Discretizations on Non-Matching Grids and Domain Decomposition Methods
by
Raytcho D. Lazarov
Department of Mathematics, Texas A & M University
Coauthors: Joseph E. Pasciak (Texas A & M University), Panayot S. Vassilevski (LLNL)

Coupling or decomposing multidimensional problems from or to problems in smaller subdomains has become an important tool in the large scale numerical simulations.
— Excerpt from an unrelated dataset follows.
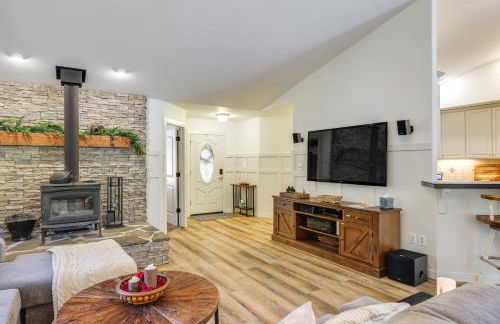 Forest-View Retreat Grill and Fireplace in Sonora - Foto 4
This approach simplifies the meshing process, allows greater flexibility in using various approximation methods, and has strong potential for efficient parallel implementations and computations. In this talk we first introduce two hybrid formulations for second order elliptic problems, which are basis for the discretization methods that are used further. On nonmatching grids, we introduce coupling of finite volume approximations via mortars, coupling mixed finite elements via mortars, coupling mixed finite elements and finite volumes without mortars, and penalty formulation for standard Galerkin finite elements. In all cases we discuss the advantages and disadvantages of the method, outline the discrete spaces, and present the main steps in the stability and error analysis. Further, we introduce preconditioners for the problem on the composite nonmatching grid based on local subdomain solvers. Finally, we present model numerical experiments for second order elliptic problems related to groundwater and petroleum simulations and linear elastic deformations for nonmatching grids that are either given a priori or are obtained in the process of adaptive local grid refinement.

http://www.math.tamu.edu/~raytcho.lazarov/

Date received: February 24, 2000